▸ Exercise details: From the records below, take each line where the string "This" shows up and copy it.
--- START ---
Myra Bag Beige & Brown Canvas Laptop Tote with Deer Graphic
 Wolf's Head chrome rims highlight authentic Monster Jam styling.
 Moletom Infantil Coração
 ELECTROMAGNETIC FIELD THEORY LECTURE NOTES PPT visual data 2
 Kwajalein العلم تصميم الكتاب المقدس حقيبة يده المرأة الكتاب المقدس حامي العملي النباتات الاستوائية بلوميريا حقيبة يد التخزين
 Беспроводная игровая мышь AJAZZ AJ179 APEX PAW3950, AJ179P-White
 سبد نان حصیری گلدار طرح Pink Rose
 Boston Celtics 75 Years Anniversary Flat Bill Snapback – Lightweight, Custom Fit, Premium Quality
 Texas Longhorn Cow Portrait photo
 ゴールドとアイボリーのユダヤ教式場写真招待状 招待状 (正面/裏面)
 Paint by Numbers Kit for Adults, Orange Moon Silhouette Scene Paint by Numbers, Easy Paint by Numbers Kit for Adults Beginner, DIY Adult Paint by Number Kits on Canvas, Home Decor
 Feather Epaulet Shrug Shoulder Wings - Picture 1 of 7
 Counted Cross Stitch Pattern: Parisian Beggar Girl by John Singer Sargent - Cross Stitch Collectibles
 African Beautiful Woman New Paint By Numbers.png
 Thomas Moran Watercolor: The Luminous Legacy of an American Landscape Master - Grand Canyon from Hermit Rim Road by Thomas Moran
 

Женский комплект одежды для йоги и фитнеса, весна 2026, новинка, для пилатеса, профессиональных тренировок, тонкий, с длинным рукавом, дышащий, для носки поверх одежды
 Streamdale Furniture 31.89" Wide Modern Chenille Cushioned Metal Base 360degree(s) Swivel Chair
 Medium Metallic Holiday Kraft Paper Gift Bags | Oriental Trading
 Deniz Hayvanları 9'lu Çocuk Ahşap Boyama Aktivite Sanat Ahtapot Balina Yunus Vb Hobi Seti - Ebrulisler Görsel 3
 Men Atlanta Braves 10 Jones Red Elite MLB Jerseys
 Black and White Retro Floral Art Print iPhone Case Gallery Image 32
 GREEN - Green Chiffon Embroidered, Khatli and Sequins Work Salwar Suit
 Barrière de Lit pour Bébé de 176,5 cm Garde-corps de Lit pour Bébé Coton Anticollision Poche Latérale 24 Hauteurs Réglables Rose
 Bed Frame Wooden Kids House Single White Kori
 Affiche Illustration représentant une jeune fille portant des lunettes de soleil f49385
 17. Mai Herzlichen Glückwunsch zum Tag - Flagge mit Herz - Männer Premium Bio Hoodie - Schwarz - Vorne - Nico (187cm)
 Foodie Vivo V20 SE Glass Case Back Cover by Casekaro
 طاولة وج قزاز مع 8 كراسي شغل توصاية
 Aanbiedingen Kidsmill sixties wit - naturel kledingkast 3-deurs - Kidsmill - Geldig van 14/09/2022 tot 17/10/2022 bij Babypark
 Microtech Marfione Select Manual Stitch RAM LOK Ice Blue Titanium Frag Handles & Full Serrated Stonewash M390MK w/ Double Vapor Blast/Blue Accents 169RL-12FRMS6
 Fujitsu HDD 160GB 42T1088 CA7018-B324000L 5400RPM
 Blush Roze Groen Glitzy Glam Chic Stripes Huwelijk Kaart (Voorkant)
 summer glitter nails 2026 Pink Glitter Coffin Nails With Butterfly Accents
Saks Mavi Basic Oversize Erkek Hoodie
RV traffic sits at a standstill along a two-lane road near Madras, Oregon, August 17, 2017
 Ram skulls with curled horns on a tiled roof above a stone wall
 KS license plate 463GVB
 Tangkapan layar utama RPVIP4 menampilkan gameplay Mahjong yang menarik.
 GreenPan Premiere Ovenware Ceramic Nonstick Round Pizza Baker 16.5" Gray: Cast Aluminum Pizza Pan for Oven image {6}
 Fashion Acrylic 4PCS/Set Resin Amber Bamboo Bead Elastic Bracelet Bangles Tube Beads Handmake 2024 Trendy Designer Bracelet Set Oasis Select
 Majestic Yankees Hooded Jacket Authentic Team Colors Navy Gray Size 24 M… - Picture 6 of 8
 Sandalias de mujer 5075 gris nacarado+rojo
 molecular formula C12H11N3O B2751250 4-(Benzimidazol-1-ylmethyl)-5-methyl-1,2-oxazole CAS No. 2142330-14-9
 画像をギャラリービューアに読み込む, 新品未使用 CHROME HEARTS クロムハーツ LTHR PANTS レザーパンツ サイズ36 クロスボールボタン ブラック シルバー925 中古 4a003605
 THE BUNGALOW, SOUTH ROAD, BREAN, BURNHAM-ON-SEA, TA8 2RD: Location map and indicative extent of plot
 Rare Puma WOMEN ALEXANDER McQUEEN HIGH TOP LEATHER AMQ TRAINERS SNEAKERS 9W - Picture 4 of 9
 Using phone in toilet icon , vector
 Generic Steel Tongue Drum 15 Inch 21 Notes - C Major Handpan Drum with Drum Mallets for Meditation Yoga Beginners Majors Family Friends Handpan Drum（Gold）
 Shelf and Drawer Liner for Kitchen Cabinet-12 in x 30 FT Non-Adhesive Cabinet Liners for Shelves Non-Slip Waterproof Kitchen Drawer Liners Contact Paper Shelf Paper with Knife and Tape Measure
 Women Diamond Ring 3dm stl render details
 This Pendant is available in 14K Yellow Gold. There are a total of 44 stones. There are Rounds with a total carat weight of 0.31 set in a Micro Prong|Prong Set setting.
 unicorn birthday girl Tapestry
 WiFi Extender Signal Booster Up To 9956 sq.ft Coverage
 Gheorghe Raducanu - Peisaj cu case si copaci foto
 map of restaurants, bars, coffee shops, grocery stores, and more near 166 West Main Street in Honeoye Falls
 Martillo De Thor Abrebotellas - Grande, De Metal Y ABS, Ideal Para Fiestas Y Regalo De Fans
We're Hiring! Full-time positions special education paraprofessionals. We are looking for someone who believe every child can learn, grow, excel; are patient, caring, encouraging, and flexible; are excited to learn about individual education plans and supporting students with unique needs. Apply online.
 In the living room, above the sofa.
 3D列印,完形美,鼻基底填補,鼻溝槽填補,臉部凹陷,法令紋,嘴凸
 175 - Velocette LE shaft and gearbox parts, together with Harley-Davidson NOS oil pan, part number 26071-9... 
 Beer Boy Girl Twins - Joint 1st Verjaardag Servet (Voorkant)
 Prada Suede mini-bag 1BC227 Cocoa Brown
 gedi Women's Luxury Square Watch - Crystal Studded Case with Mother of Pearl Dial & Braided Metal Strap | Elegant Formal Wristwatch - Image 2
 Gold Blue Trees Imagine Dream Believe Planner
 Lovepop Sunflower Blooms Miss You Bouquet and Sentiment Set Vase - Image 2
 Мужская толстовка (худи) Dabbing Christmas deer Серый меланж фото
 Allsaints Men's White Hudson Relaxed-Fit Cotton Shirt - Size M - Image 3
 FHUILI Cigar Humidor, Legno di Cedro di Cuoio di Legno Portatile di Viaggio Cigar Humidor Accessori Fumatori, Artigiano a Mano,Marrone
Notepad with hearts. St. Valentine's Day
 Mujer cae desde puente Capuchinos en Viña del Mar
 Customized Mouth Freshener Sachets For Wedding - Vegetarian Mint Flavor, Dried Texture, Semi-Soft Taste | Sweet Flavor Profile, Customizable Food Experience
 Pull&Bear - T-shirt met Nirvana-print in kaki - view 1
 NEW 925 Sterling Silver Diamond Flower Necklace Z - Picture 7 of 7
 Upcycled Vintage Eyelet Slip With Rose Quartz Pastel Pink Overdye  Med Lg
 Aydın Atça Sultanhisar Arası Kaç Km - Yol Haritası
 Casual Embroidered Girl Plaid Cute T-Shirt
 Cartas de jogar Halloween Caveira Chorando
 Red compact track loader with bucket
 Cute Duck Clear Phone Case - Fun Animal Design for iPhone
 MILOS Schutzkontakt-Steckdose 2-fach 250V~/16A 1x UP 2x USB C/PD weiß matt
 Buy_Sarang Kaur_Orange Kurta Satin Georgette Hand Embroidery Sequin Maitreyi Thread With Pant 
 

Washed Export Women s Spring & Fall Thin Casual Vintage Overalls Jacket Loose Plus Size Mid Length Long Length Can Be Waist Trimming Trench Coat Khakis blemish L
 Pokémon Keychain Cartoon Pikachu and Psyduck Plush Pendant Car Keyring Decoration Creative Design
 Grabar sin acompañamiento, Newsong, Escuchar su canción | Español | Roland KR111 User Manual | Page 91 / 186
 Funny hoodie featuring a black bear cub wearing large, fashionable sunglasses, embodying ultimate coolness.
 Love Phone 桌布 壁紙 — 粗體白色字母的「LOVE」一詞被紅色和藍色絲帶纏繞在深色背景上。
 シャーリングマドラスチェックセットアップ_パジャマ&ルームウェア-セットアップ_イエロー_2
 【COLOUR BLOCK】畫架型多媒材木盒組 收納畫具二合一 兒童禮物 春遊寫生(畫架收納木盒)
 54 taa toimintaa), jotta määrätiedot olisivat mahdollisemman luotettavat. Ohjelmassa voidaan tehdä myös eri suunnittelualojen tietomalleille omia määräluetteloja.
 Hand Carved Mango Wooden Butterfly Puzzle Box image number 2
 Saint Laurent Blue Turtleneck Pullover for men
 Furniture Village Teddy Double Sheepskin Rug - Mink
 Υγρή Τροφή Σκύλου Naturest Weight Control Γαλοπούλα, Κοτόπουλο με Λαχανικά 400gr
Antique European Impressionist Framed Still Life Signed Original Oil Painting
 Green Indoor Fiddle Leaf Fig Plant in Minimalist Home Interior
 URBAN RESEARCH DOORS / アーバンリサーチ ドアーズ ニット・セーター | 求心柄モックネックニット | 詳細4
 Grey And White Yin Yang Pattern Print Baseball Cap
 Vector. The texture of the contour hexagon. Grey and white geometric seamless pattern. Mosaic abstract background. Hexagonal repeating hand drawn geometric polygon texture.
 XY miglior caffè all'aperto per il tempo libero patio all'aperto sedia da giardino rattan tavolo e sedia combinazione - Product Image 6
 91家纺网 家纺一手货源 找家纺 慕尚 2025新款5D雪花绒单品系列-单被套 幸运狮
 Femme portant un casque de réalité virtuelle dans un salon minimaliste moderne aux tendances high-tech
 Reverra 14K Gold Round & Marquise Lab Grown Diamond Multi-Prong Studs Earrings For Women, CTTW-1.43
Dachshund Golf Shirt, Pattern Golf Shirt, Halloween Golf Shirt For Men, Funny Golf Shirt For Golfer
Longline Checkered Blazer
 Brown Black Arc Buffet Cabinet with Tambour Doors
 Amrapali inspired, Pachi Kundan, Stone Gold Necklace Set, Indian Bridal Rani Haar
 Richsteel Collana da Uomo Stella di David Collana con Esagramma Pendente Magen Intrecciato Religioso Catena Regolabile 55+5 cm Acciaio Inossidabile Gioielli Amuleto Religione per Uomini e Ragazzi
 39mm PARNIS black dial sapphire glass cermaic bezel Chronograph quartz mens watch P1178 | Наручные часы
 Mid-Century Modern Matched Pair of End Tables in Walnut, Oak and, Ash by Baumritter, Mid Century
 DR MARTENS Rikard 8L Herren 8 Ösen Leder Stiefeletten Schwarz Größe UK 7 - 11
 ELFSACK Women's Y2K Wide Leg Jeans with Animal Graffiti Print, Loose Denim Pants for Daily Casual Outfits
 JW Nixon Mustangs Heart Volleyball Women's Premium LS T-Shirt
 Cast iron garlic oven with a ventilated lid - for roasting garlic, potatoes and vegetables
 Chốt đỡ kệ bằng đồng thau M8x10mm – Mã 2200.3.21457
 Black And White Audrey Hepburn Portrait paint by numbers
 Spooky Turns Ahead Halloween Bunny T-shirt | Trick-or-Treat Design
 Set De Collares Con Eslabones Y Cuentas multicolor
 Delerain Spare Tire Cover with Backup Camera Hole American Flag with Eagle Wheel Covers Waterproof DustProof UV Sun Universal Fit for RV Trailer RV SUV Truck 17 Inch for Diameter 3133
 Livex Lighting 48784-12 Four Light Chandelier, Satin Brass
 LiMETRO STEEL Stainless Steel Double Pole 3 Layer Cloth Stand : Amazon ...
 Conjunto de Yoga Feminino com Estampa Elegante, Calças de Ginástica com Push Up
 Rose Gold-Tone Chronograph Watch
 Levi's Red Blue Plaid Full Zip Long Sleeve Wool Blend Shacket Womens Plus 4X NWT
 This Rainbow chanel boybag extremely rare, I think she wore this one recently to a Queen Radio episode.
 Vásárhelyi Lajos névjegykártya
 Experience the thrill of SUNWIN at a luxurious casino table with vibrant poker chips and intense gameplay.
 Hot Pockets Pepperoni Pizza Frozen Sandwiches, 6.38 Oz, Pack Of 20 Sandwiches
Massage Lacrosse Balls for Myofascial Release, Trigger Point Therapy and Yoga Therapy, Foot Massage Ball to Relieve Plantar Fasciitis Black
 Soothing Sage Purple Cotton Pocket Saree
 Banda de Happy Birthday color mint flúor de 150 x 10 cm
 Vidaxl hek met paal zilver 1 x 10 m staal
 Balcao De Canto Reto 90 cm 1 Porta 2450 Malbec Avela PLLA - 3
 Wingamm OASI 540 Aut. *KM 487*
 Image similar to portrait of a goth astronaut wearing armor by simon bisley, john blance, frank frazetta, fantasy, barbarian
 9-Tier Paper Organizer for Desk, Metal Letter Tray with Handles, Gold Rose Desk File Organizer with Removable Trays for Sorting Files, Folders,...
--- END ---
▸ Your solution:
 This Pendant is available in 14K Yellow Gold. There are a total of 44 stones. There are Rounds with a total carat weight of 0.31 set in a Micro Prong|Prong Set setting.
 This Rainbow chanel boybag extremely rare, I think she wore this one recently to a Queen Radio episode.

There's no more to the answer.